Tell me who you are
I'll tell you who you hang with

[Are you an Early Adopter, a Innovator, a Laggard or a Luddite?]

An Early Adopter is a person who embraces new technology or new ideas before most other people do. Early adopters tend to buy or try out new stuff, and new versions of existing ways of life, sooner than most of their peers. According to a theory called Diffusion of Innovations (DoI) formulated by Everett Rogers, Early Adopters make up 13.5 percent of the population.

Early Adopters, while eager to explore new options in technology and in other subjects of life, are not the most daring, and are not especially prone to taking risks. That role, according to Rogers, is played by a small minority of people called Innovators. Only one person in 40 is of this type. They are the people most likely to conceive and develop new methodologies and technologies, and who often end up running large corporations or founding new ones.
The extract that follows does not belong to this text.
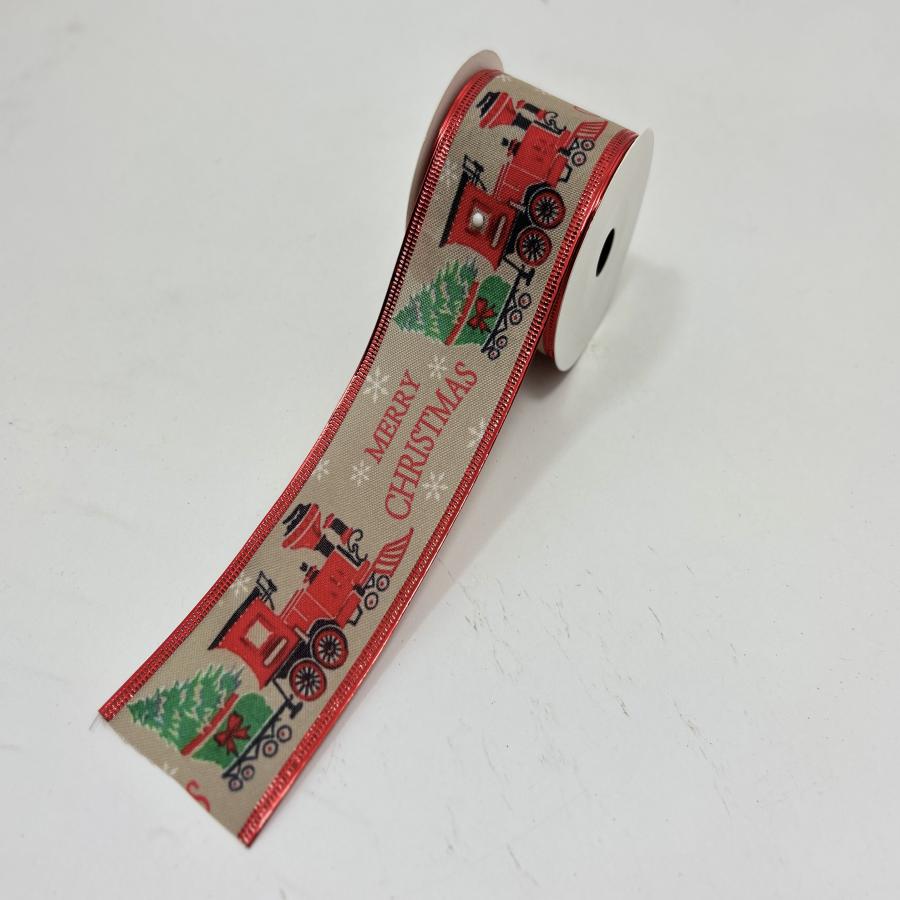 017771488621 | galerias el triunfo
Early Adopters and Innovators have counterparts, known as Laggards and Luddites, at the opposite end of the human spectrum. Laggards are slow or reluctant to embrace new technology because of disinterest or financial constraints. Luddites actively fear or loathe new technology and new experiences, especially those forms they believe threaten existing jobs. Luddites have mechanical jobs for life, they don't use their creativity and most of them watch TV and hardly read a book.